Do you know what's really bad for your business? Selling a smartphone with a tendency to explode in your customer's pockets. That's why Samsung has revised its quarterly profit guidance, suggesting that it'll lose out on $2.34 billion in the current three-month period. That loss is all down to the Note 7 and its propensity for self-immolation that has so baffled the company's engineers.
It's worth pointing out that this is a profit forecast for the quarter, and so that figure won't be the real, total cost of boomgate. For a start, the company will have spent millions on developing, manufacturing and marketing a device that it can't now sell. Then there's the potential financial fallout from any sort of fines or lawsuits that arise in the wake of the product's cancellation.
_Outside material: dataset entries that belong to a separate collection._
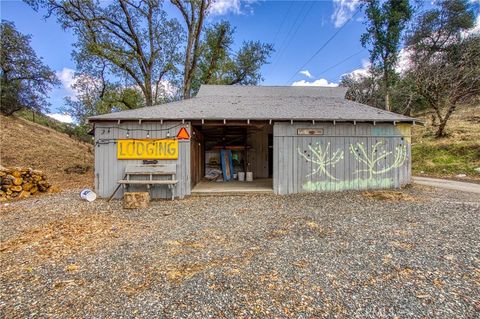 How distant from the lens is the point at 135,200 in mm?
6250

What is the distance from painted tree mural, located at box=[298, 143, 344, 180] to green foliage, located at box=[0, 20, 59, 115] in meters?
21.0

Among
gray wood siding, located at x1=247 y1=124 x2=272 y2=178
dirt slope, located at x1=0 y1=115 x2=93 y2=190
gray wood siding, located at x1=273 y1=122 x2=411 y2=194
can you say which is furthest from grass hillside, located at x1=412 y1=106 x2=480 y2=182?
dirt slope, located at x1=0 y1=115 x2=93 y2=190

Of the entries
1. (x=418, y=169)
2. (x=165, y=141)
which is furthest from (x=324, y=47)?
(x=165, y=141)

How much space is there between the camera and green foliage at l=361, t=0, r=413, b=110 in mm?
16547

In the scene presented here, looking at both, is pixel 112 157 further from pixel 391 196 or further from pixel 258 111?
pixel 391 196

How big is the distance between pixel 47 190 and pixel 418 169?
56.4 ft

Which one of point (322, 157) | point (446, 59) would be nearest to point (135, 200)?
point (322, 157)

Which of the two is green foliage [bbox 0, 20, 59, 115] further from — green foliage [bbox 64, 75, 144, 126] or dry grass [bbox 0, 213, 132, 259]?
dry grass [bbox 0, 213, 132, 259]

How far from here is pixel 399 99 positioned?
1889cm

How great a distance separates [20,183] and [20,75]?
1472 centimetres

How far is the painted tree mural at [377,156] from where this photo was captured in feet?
26.0

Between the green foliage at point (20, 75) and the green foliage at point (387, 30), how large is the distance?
24.8 m

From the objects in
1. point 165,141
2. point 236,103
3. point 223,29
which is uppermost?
point 223,29

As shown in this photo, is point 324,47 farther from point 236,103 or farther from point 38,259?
point 38,259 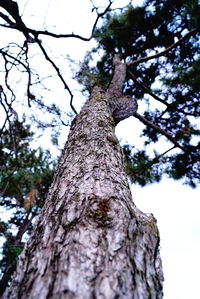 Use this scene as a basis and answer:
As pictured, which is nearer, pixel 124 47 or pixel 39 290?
pixel 39 290

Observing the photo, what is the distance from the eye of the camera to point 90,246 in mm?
655

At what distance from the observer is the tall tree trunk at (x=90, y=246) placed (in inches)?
21.6

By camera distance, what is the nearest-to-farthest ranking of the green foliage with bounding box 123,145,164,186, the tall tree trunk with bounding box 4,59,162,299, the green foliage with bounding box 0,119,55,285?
the tall tree trunk with bounding box 4,59,162,299 → the green foliage with bounding box 123,145,164,186 → the green foliage with bounding box 0,119,55,285

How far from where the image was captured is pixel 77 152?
1336 millimetres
Not to mention the angered carriers who will have been looking to sell this device and will now have to deal with customers.
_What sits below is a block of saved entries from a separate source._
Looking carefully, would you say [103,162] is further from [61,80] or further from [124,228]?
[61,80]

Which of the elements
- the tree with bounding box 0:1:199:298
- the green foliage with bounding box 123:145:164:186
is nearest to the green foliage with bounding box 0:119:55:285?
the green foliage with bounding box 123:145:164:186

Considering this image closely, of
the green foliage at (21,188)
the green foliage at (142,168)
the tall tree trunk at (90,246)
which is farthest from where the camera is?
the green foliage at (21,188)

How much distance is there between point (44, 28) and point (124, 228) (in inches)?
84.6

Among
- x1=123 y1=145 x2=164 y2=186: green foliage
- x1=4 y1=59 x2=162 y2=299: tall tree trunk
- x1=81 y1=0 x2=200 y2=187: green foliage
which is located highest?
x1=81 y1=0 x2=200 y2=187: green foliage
It's also a worry for Samsung's brand itself, since it'll need to run a highly-visible recall to prevent any further injuries. For the average consumer, that means that Samsung may quickly come to mean fire-prone in popular consciousness. Don't forget it only took a few months for self-balancing skateboards to go from the hip toy of the year to a fire hazard that Amazon refused to sell. Then again, market researcher Ban Bajarin believes that the damage to Samsung's reputation is "not as bad as you may think."
Early indication from our fall smartphone sentiment study (US and UK markets) is brand fallout for Samsung not as bad as you may think.
— Ben Bajarin (@BenBajarin) October 11, 2016
It may be several years before we know the true cost of boomgate to Samsung's business, but at least we've got a figure that'll do for the next few months.